DIRECTIONS: For the entries below, print exactly the lines between the line holding "Motivation For Women: The" and the line holding "频繁的性生活会不会导致月经推迟月经", inclusive, and nothing else.

EXERCISE DATA:
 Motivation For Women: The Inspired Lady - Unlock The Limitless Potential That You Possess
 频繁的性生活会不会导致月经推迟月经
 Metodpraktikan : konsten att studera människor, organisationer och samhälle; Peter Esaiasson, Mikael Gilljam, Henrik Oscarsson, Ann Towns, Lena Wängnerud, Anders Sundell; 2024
---
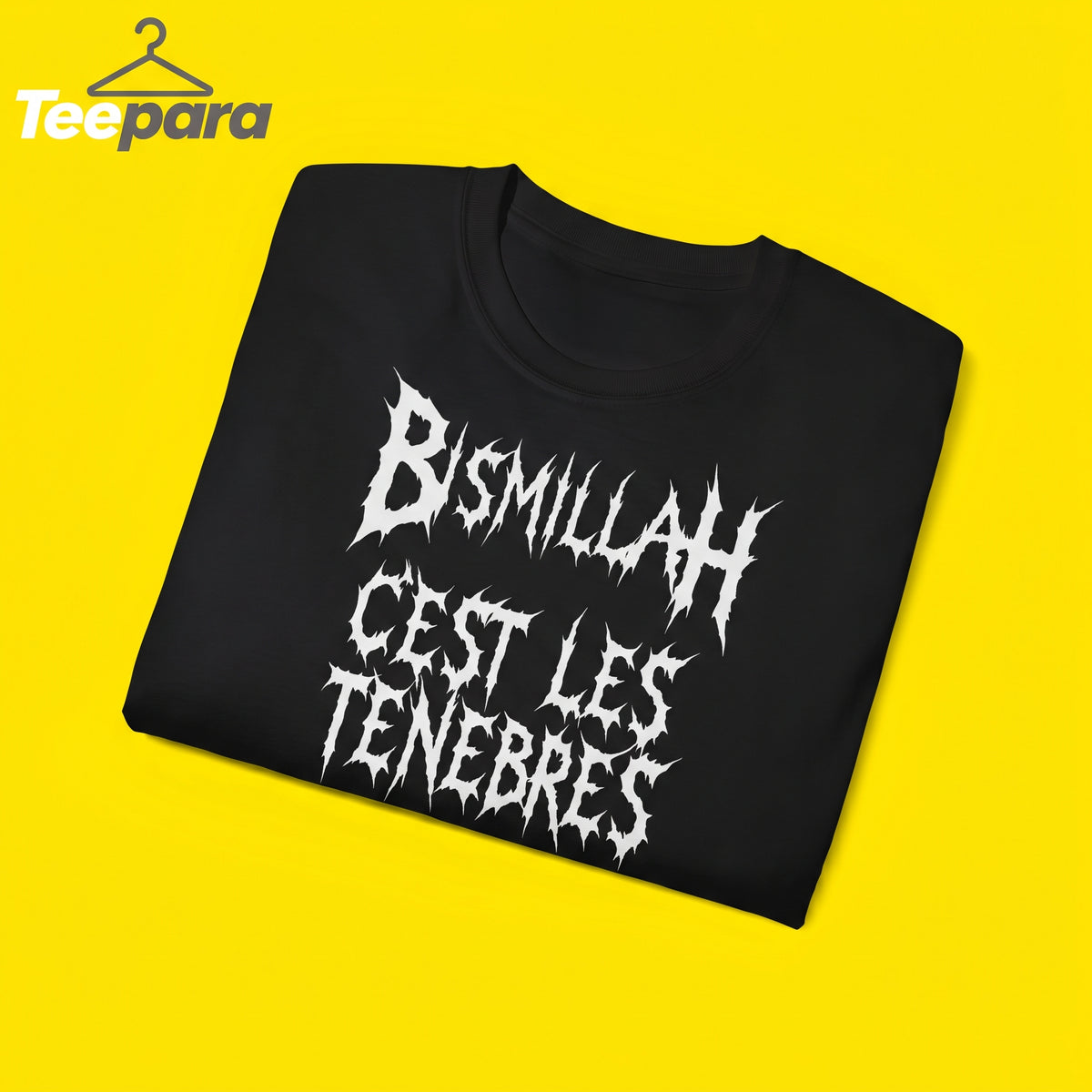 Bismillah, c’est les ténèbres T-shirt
==
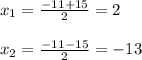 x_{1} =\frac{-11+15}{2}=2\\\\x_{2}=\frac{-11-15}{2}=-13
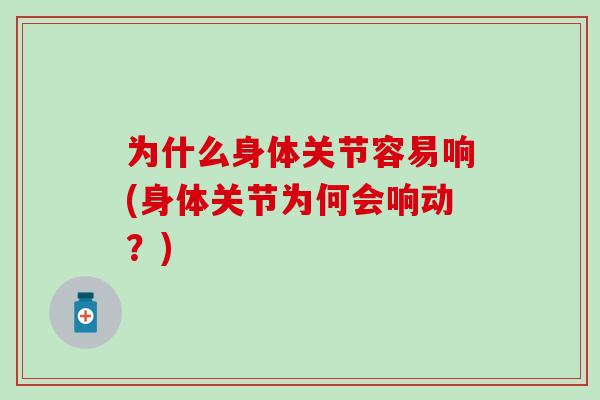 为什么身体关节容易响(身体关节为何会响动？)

RESULT OF THIS TASK:
 Motivation For Women: The Inspired Lady - Unlock The Limitless Potential That You Possess
 频繁的性生活会不会导致月经推迟月经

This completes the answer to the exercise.